If we have a set of N objects then we can write down the joint probability P(1,2,...,N) in terms of the N-point correlation functions. There are strong reasons to believe that galaxies in the Universe formed due to density fluctuations in the early Universe which were Gaussian random. This means that we do not need to go higher order than the two point correlation functions or something called Power spectrum (in Fourier space). All the data I created and analysed in my projects was interpreted in terms of the N-point correlation functions. I do not want to go in technical details here and for that you can check my relevant publications.

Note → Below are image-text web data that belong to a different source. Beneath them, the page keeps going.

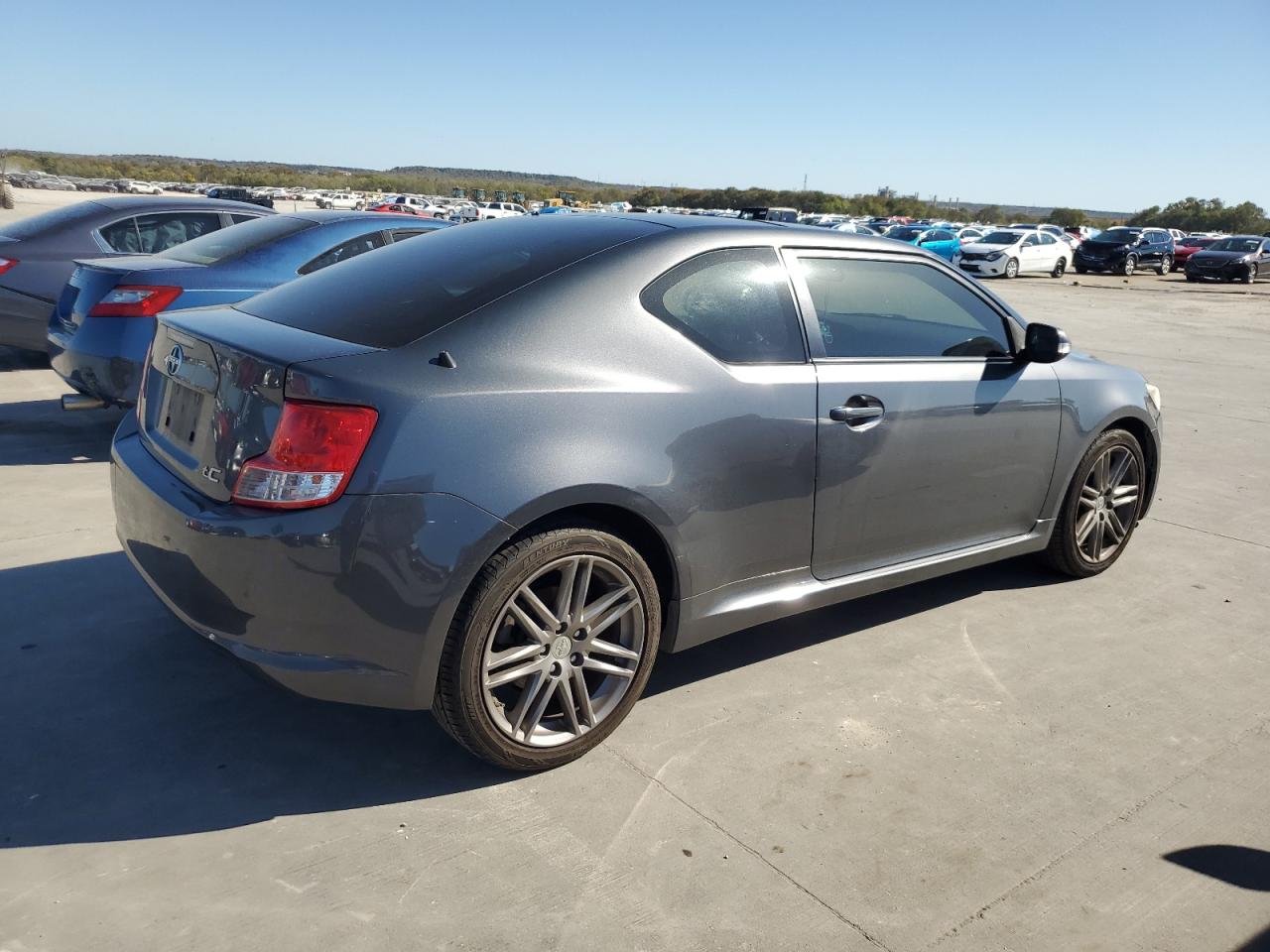Image 3 of 2013 TOYOTA SCION TC  2013 with VIN JTKJF5C78D3052319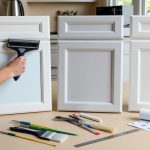 Changer le revêtement de ses meubles de cuisine : adhésif, peinture ou film, lequel choisir et comment poser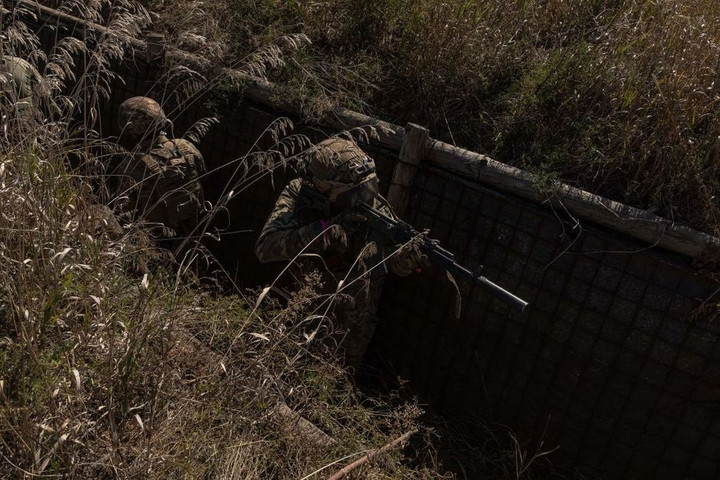 Binh sĩ Ukraine huấn luyện chiến đấu trong chiến hào.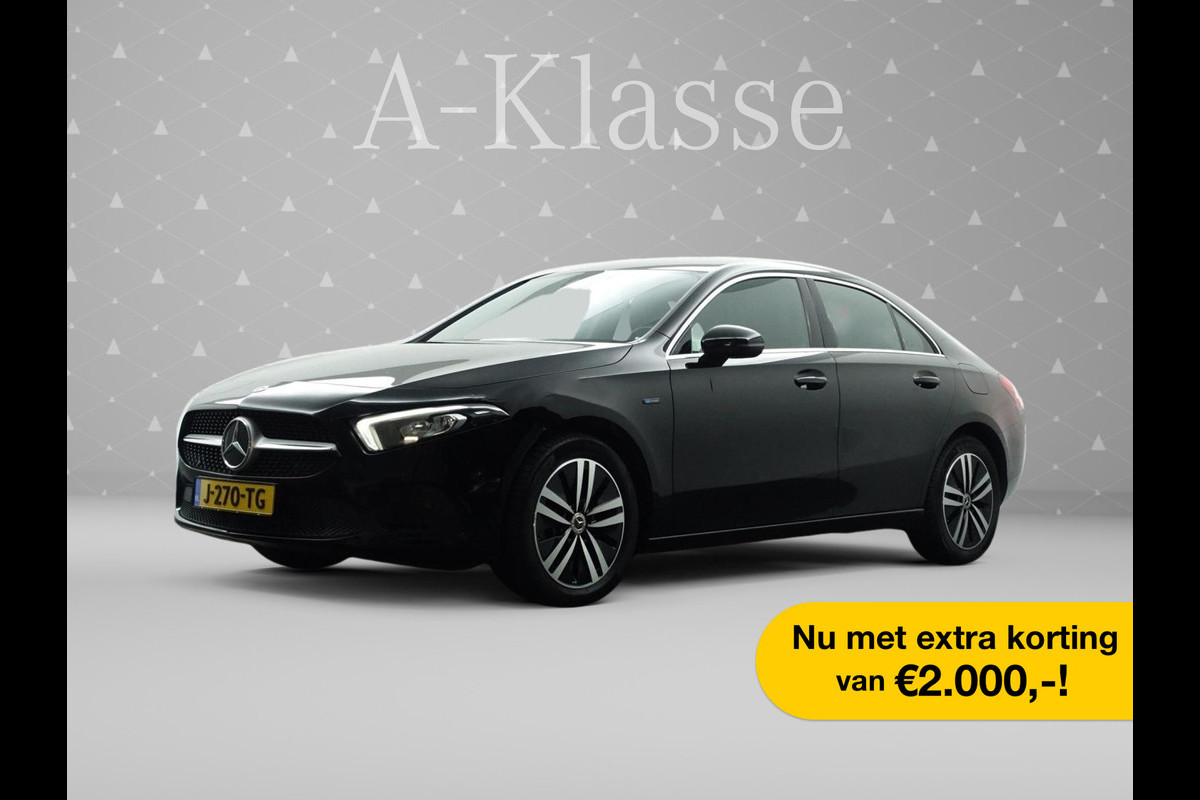 Mercedes-Benz A-Klasse 250 e Business Solution AMG Prestige Aut- Sfeerverlichting I CarPlay I Sport Leder Interieur I Stoelverwarming I Camera I Park Assist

Now I will discuss another section of my data story which is about collecting huge volumes of data about the sky using the Giant Meter Radio Telescope or GMRT in Pune. If you do not know what GMRT is then let me tell you it is a set of 30 Giant (50 meter diameter each) parabolic and fully steerable dish antennas, located around 100 km from Pune. The facility is one of the most sensitive telescopes in the world in its frequency range (from few hundred Mhz to 2 Ghz). Receivers on these antennas can collect signals coming from the sky and can be combined in many different ways. With some adjustments all the antennas can be pointed in some particular direction and a very high angular resolution can be achieved but this formation limits the area of the sky which can be covered for an allocated observation time. So in a common formation different antennas will be looking into different direction and the whole sky (as Geographical and physical constraints allow) can be covered in a short period of time. In any case a huge volume of data can be generated in a just few hours.

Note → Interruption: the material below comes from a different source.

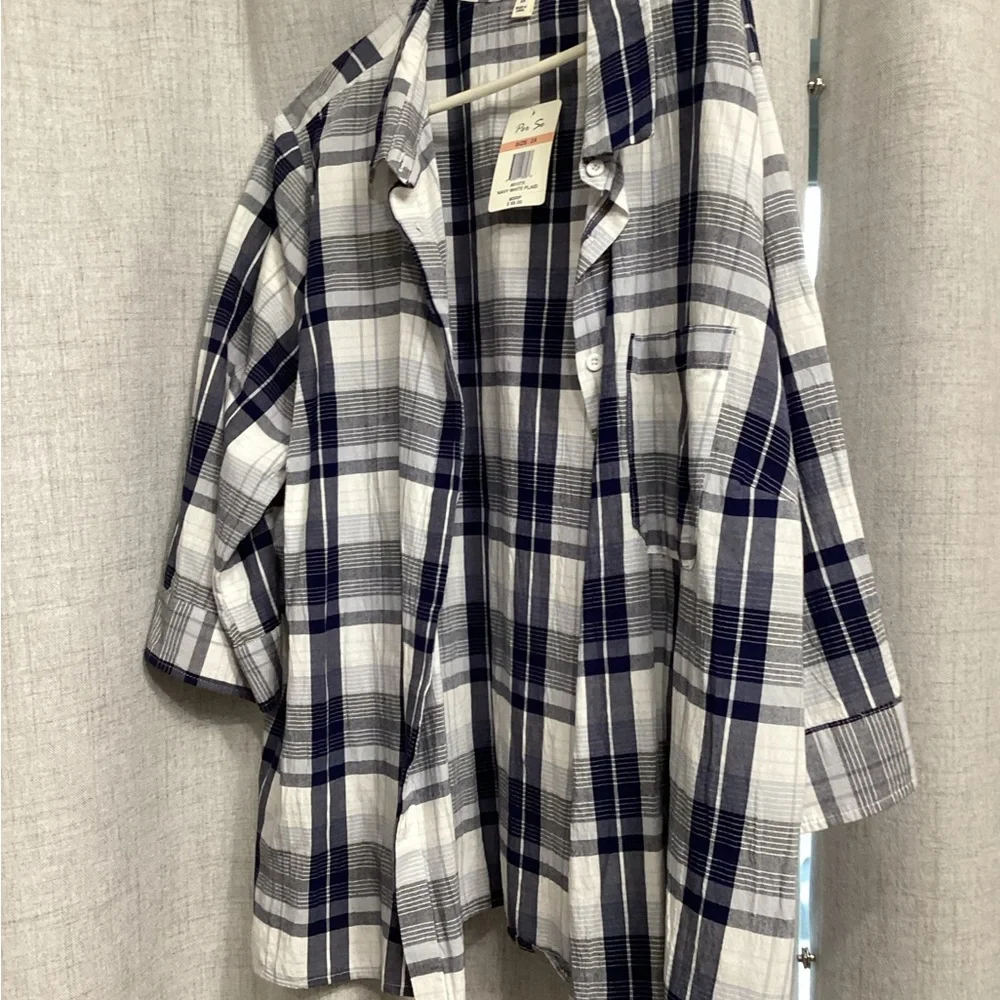 Per Se Blue and White Casual Button Down Shirt - Picture 2 of 9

Commonly not many objects in the sky change (after removing the changes due to the motion of the Earth) their brightness with time but there is a class of objects called “Pulsars” which emit signals of very high time regularity - we can even set our clocks using these signals. In fact when they were discovered first time in the beginning it looked like the signals were sent by some extra terrestrials ! The signals coming from Pulsars not only can be used to find the location and other properties of the Pulsars but they can also be used to find the properties of the medium through which they pass - such as the ionization state of the matter. Pulsar Astronomy is a very active area of research and has led Nobel prizes also.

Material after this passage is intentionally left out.